Many people hailed the expansion as an indication of renewed U.S. competitiveness. But Welch saw it for what it was, a currency play in which Matsushita stopped making GE’s sets when the yen rose against the dollar. The TV plant, said Welch, “is not a bet I’d stake my life on.”

What would he bet his life on? On the dishwashers and refrigerators GE turns out from its plant in Louisville, Ky., where it has invested $1 billion over five years to become the world’s low-cost producer. And on locomotives and turbine generators, where GE is keeping production going through a slack time in world markets, counting on a resurgence in orders in the 1990s.

The reason GE likes the NBC network, says Welch, is not because it leads in the Nielsen ratings, but because the business throws off profits that GE can then use for “margin dollars” to support a low-priced bid on a turbine generator contract in some foreign country. “The facts are,” Welch says, “if you create an institution to win in world markets, you have to have a lot of resources.”

Welch, a chemical engineer who took over GE’s top job in 1981, makes his points well.

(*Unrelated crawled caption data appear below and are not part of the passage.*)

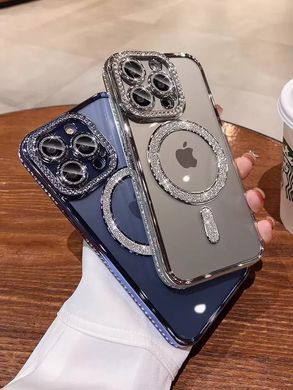 Чехол для iPhone 14 Pro Max Diamond Shining with MagSafe Gold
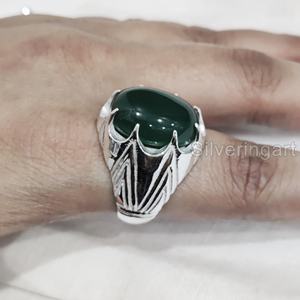 Anillo para hombre al por mayor, piedra preciosa de ónix verde Natural, anillo de piedra natal de diciembre, todos los tamaños, joyería fina árabe, anillo de Plata de Ley 925 - Product Image 5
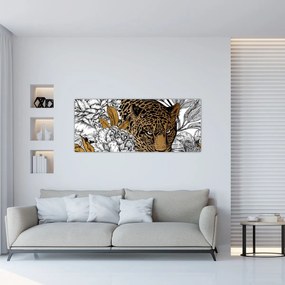 Obraz - Leopard medzi kvetmi (120x50 cm)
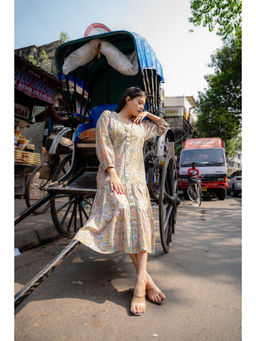 NUCHIC - Women Multi Colour Floral Hand-Block Print Fit and Flare Cotton Midi Dress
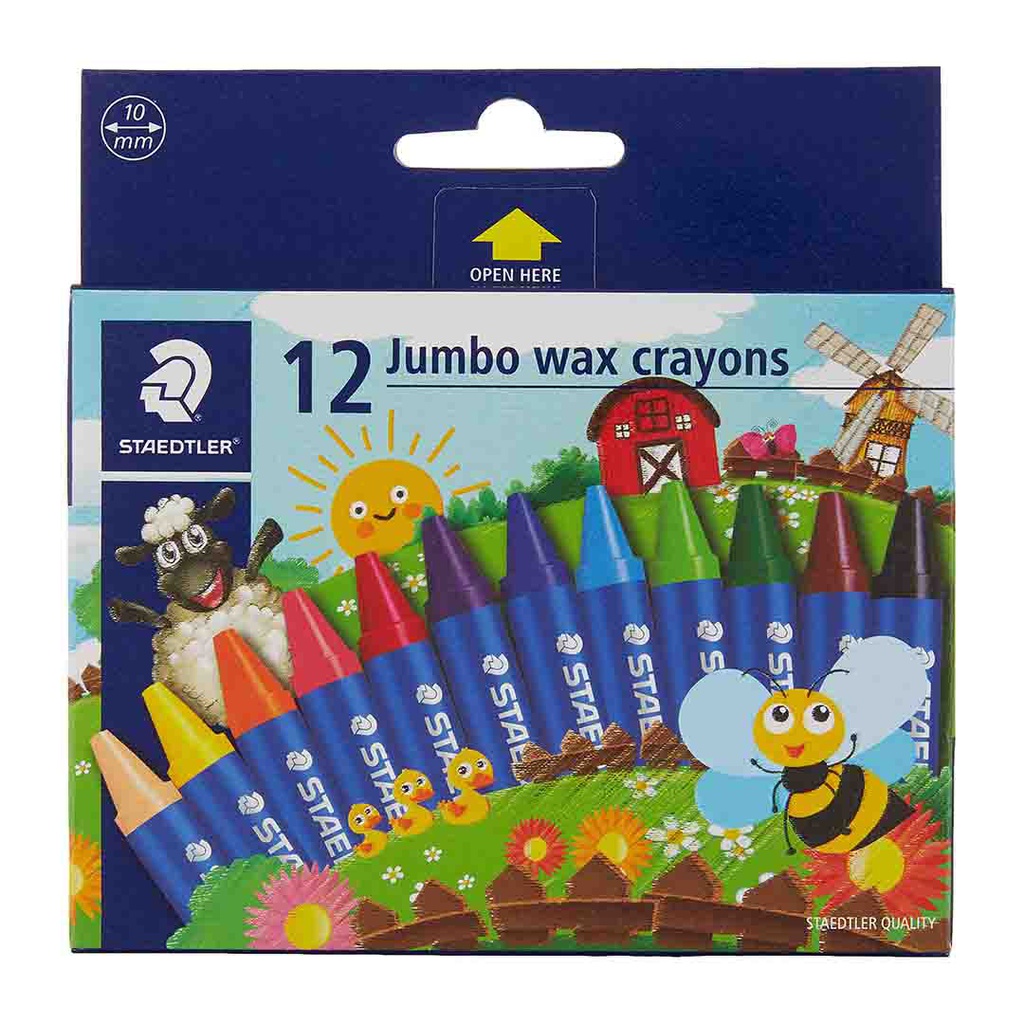 STAEDTLER 12 JUMBO WAX CRAYONS‏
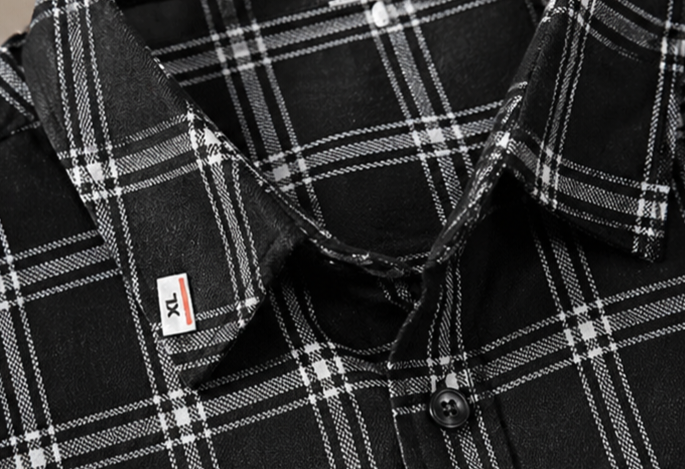 Black & White Checked Shirt | Slim Fit Casual Plaid Shirt | Full Sleeve Cotton Blend Shirt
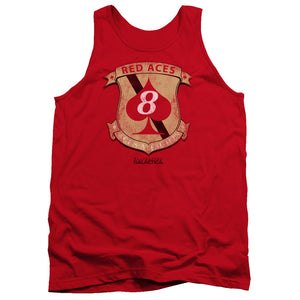 AN OFFCIALLY LICENSED BSG RED ACES BADGE ADULT UNISEX TANK TOP RED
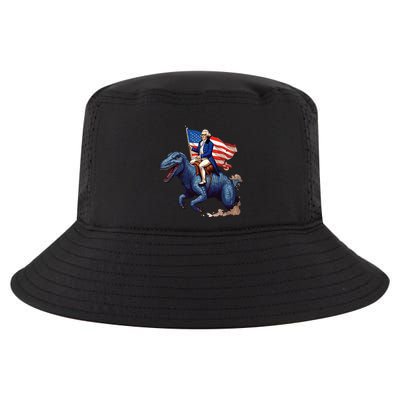 Funny George Washington Riding A Tyrannosaurus Rex Patriotic Cool Comfort Performance Bucket Hat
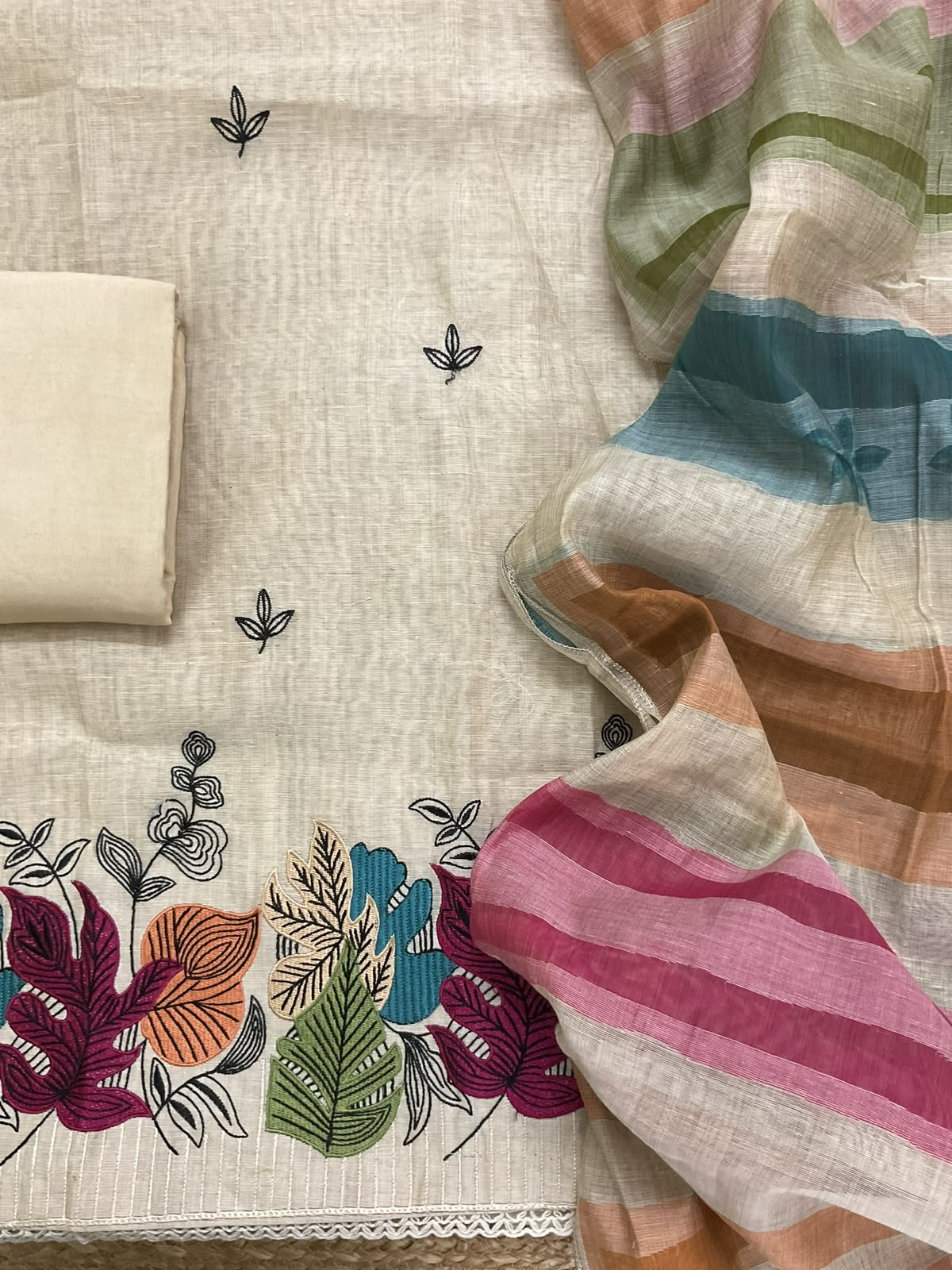 Soft Slub Chanderi Jamdani Weaved Embroidered Suit - Beige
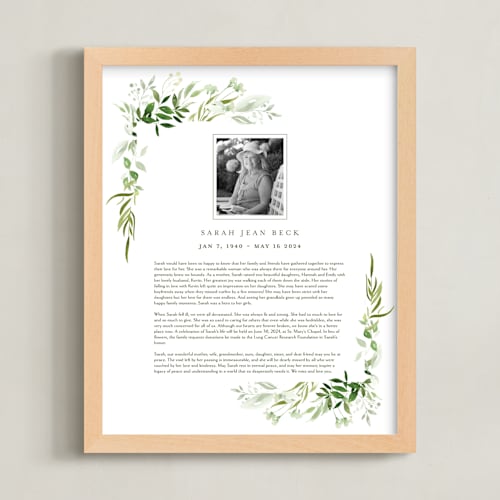 This is a white memorial obituary prints by Leah Bisch called verdure obituary print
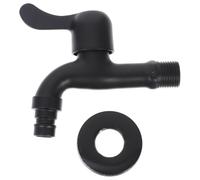 ULTECHNOVO Grifo de Lavadora Negro de Acero Inoxidable 304, Resistente a Explosiones y Ahorro de Agua, Modelo 1/2 para Cocinas y Lavanderías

In fact, given his vision for competing in world markets, why should there be any question about his selling out TV? Because he may be mistaken in thinking it’s a technological dead-end.

Television technology is developing in several directions, the most prominent being high-definition TV. As the name implies, high-definition promises clearer pictures and other features that may ultimately marry the TV set to a home computer. Research on it is being done in Japan by Sony and in the United States by--you guessed it--the very company Welch is selling, the RCA consumer electronics division and its scientific laboratory in Princeton, N.J.--the Sarnoff Research Center.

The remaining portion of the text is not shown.